The normal bus does not mean confort either. They are often 'coasters', buses with seating space for 20 people and standing space for the rest of the chinese population if they can squeeze in. A bus is never full. Like in Eastern Europe or in Russia, it seems there is always space for another person, even if the bus is already jam-packed. In western Sichuan, buses are bigger and less frequent. Sometimes, there is only one per day, leaving at 5.30 am and breaking down anytime later. The state of the bus apparently has nothing to do with the probability of a technical problem. Shitty rotten buses can make it and seemingly brand new ones will break down. Flat tyres always brought along two questions : 1) are we going to get a flat tyre somewhere photogenic with a great view and 2) now that we have no spare left, are we going to get there before we puncture again ? Once we did not.

The big bus had going strong for about an hour when we stopped : water was pouring down from the leaking radiator. The bus turned around, inches from the void and somehow manage to return to the starting point (it was downhill I must say). We arranged a shared taxi with 7-8 other passengers. First flat tyre on a beautiful stretch of the road. Great view, perfect opportunity for a few photos. Half-way, we changed vehicle at a small service hut. A lonely tibetan monk was waiting for a lift in the opposite direction. We left again, and punctured again, this time in a wind swept wild landscape of big rocks, small frozen lakes and miserable looking shrubs. We left and further along the road, a loud noise again. Another flat tyre. Stuck? Not quite. We finished the remaining 30 km or so at the back of a truck. It was windy, cold and bumpy and I had to keep pushing away some greasy barrel that kept sliding towards me. But we eventually got there (sounds like a trip with British Rail, doesn't it ?).

Other regions in China, like Yunnan, enjoy better conditions. Roads are better, buses are more frequent and go everywhere. It is much easier to travel when you don't have to worry about time (buses leave every half-hour for the most frequent destinations) and about money (drivers are honest).

see the photos from China

[1] "Chinglish" is a word made up from 'chinese' and 'english' which denotes the english language like it often appears in China. It is in fact word-to-word translation of chinese into english, plus a few typos or spelling mistakes, which represents both the (commendable) effort to translate and communicate and the huge differences between both languages. The following example illustrates this point : "Radio pronounce has bus go to my friend where" (the loudspeakers announces that there is a bus to go to my friend's place).
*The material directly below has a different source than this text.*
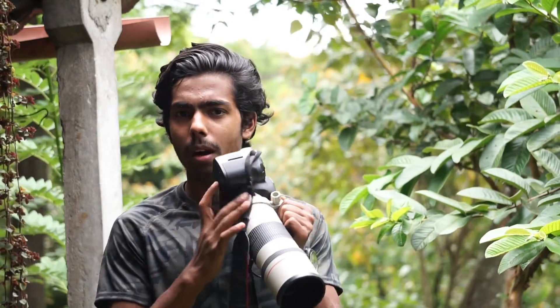Hey, what's up guys, Zalan here back with another video. Today we are not doing a tutorial video — I'm not going to just teach you some tricks. Today I'm going to test out a great Canon camera, the 5D Mark 2. Yes, this is a very old camera.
[2] This man travels on his pension. He must be careful with his spendings and 'hard seat' is the cheapest option. I met quite a few other 'permanent travellers' like him. For me too, but especially for them, the french proverb that I could translate "he who wants to go far, takes great care of his mount" is rather obsolete. It was fine for riders. He would much prefer my modified version "he who wants to go for a long time, takes great care of his wallet".